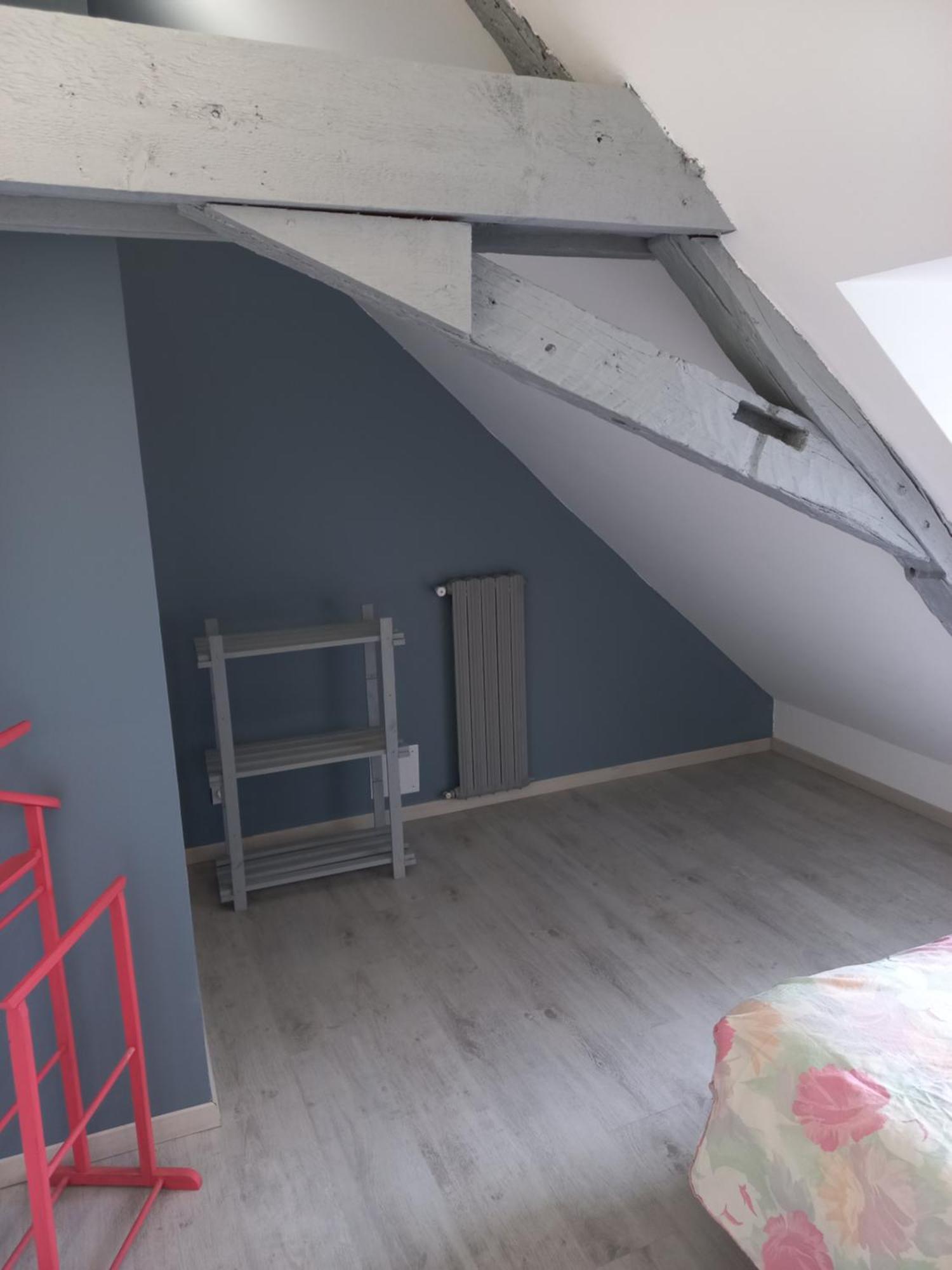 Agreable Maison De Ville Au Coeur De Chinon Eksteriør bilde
...
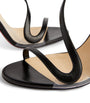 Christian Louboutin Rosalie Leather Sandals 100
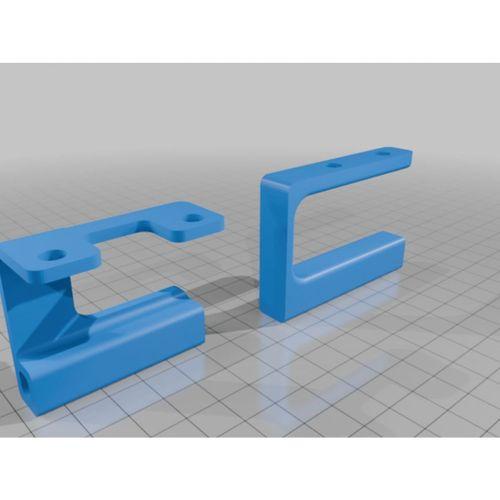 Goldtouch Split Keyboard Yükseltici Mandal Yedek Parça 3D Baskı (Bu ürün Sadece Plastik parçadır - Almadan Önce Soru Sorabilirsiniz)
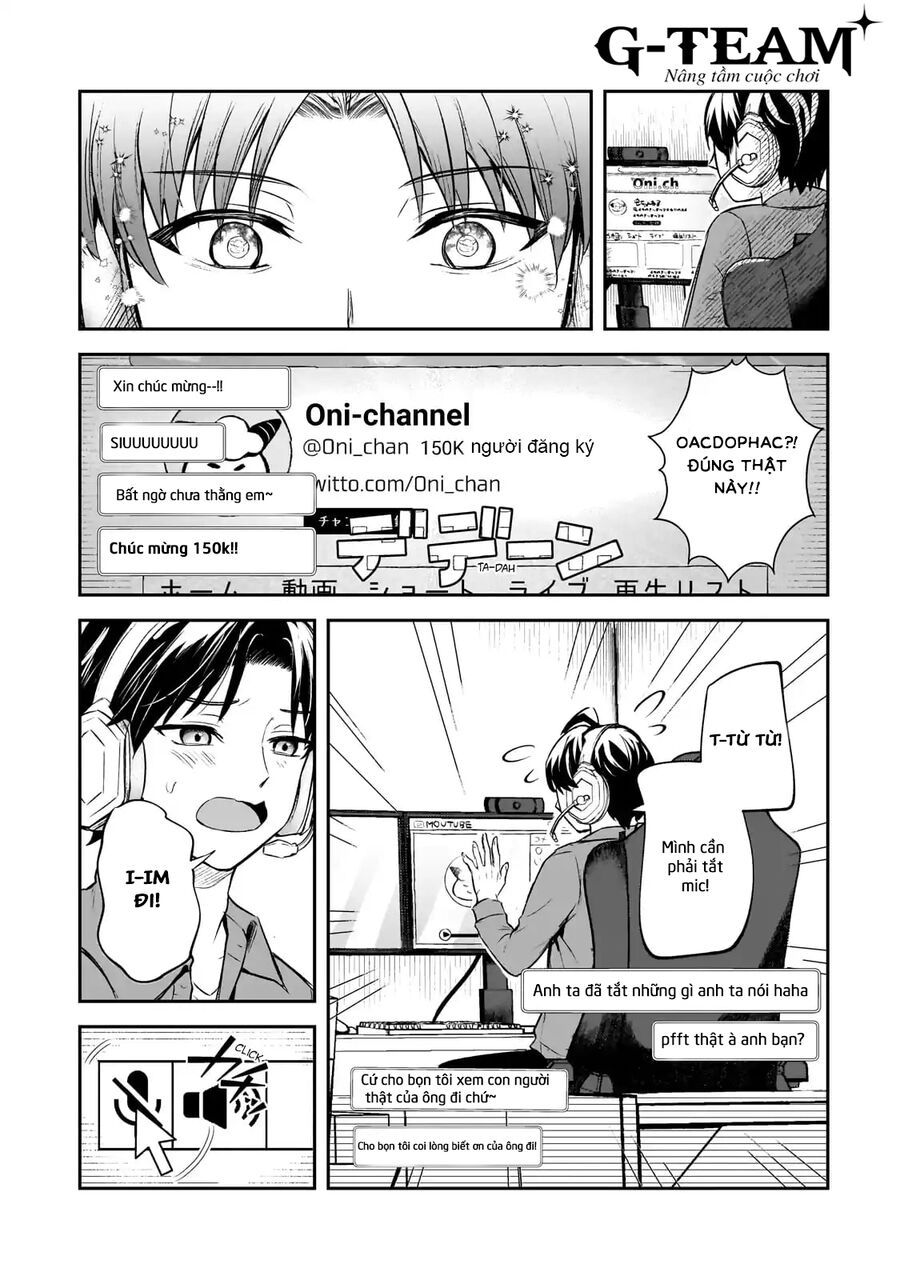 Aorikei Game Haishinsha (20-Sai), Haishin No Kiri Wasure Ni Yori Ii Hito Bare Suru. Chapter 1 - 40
* * *
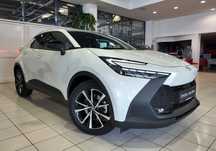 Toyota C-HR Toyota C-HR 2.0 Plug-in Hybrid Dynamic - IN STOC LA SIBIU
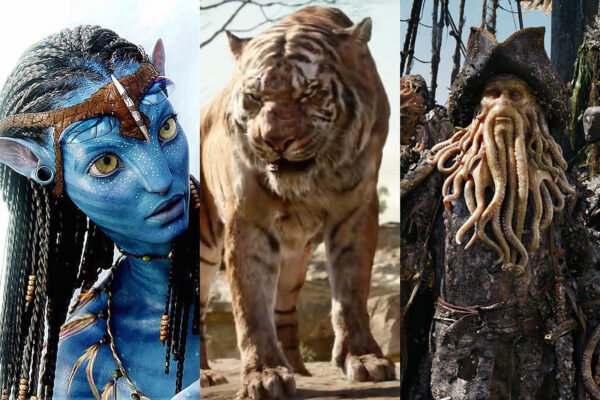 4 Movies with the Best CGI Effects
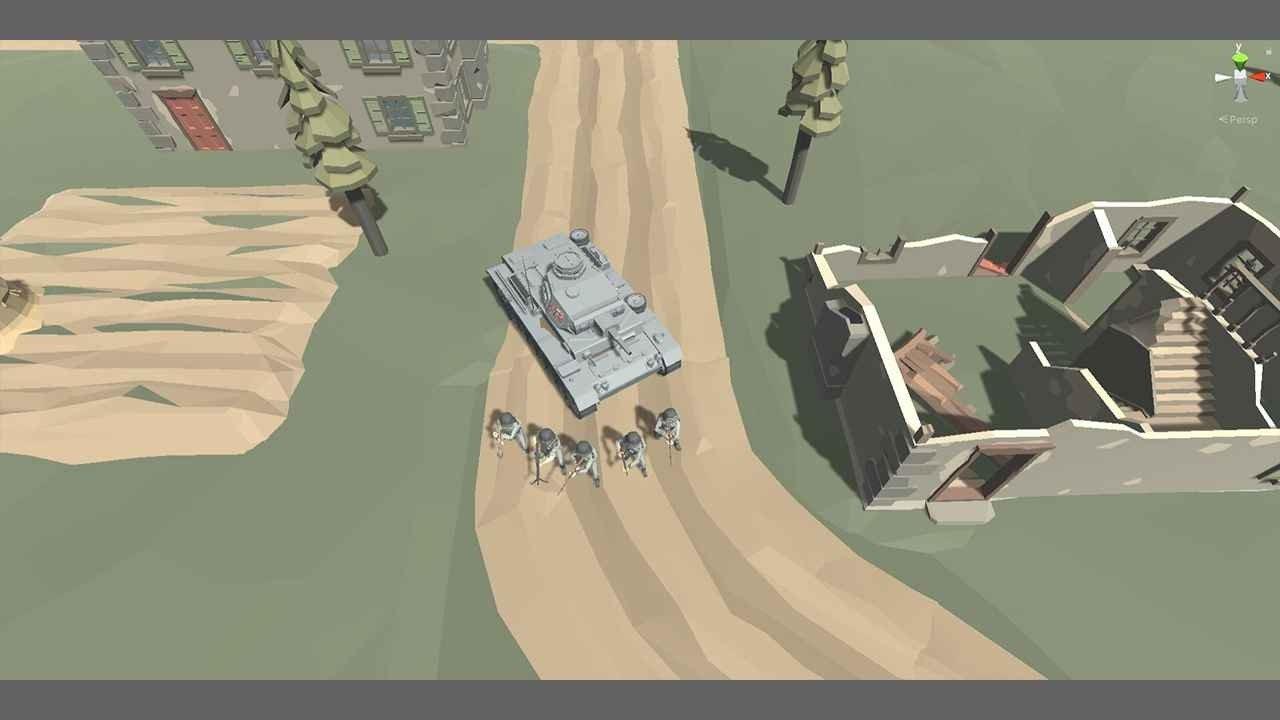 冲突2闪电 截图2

### EXERCISE OBJECTIVE
Look above for the line with "Goldtouch Split Keyboard" and the line with "Aorikei Game Haishinsha", then copy exactly the lines from the first through the second, both kept, with no pictures.

### EXERCISE ANSWER
 Goldtouch Split Keyboard Yükseltici Mandal Yedek Parça 3D Baskı (Bu ürün Sadece Plastik parçadır - Almadan Önce Soru Sorabilirsiniz)
 Aorikei Game Haishinsha (20-Sai), Haishin No Kiri Wasure Ni Yori Ii Hito Bare Suru. Chapter 1 - 40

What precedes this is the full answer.